Kultur

Starproduzent Chuck Lorre im Interview: Der Fernsehzauberer

Seine Serien kennt jeder, sein Gesicht kaum: Chuck Lorre ist der Mann hinter „Mein Cooler Onkel Charlie“, „Big Bang Theory“, „Cybill“, „Dharma & Greg“, „Young Sheldon“, „Mom“ und vielen mehr.

Alle Inhalte anzeigen

In Hollywood machte er sich erst einen Namen, als er 1991 Produzent von „Roseanne“ wurde und die Show zwei Jahre lang trotz Brechens aller Regeln zu einem der größten Fernsehhits aller Zeiten machte. Er formte Karrieren und scheute nicht davor zurück, Superstars zu feuern – Charlie Sheen kann ein Lied davon singen. In seiner neuen Serie, „The Kominsky Method“, geht es um alternde Entertainer, gespielt von Michael Douglas und Alan Arkin. Ein Gespräch über Showbusiness, Fernsehgewohnheiten und Älterwerden:

KURIER: Sie haben jahrzehntelang für das NBC gearbeitet, jetzt machen Sie eine Serie für Netflix. In welcher Hinsicht ist das anders?
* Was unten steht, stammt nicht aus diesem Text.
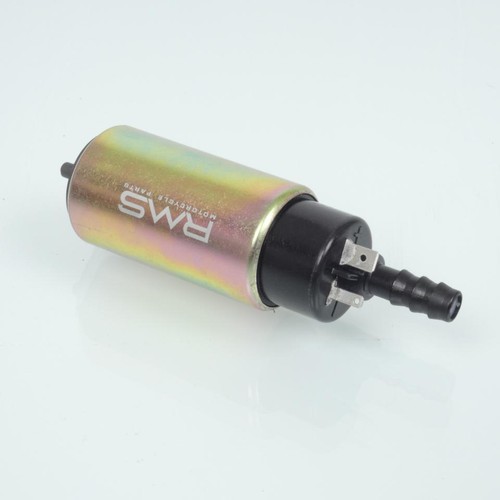 Pompe essence rms pour - essence,
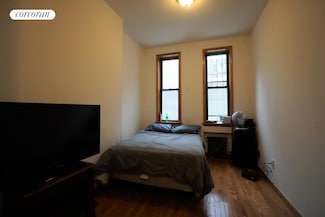 486 E 74th St Unit A, New York, NY 10021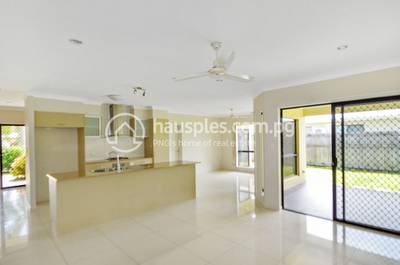 House and lot For Rent in Kewarra Beach, Cairns & District, 4879, QLD
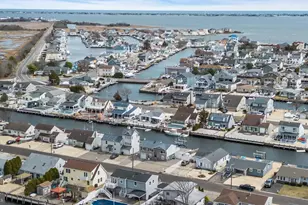 71 Ronald Ave S, Bayville, NJ 08721 - Photo 52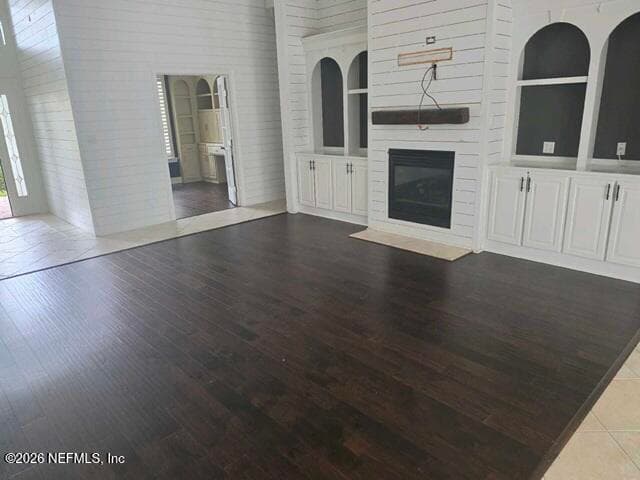 417 MARITIME Court, Destin, FL 32541, Destin — photo 2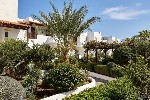Hotel Alexander Beach Hotel & Village Resort wakacje
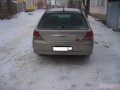 Honda Avancier,  универсал,  1999 г. в.,  пробег:  227300 км.,  автоматическая,  2.2 л в городе Воронеж, фото 4, Воронежская область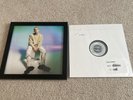 Lauv Test Press Vinyl “All 4 Nothing” 1/25 - Collectors Dream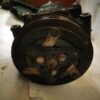 Compresor aacc Citroën C3 Xsara Peugeot 206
Chuck Lorre: Es gibt keine Konditionen. Ich muss mich zeitmäßig nicht damit auseinandersetzen, dass ich in einer halben Stunde auch noch so und so viele Werbungen unterbringen muss. Und ich habe keine Zensur. Ich kann in Buchkapiteln denken und in Buchkapiteln produzieren. Weil alles gleichzeitig online ist. Das ist für einen Produzenten und Autor ein Riesenvorteil.

Wie ist die Idee für „The Kominsky Method“ entstanden?

Das hatte mit Altern zu tun. Ich wollte mich nicht lustig machen über den unvermeidlichen Verfall und die Klischees des Älterwerdens behandeln. Ich wollte etwas tiefer gehen und die Angst zeigen. Die Angst, dass die Gesundheit schwindet, dass nicht genug Geld vorhanden ist, dass man auf andere angewiesen ist.

Alle Inhalte anzeigen

Aber die Serie ist eigentlich eine Komödie.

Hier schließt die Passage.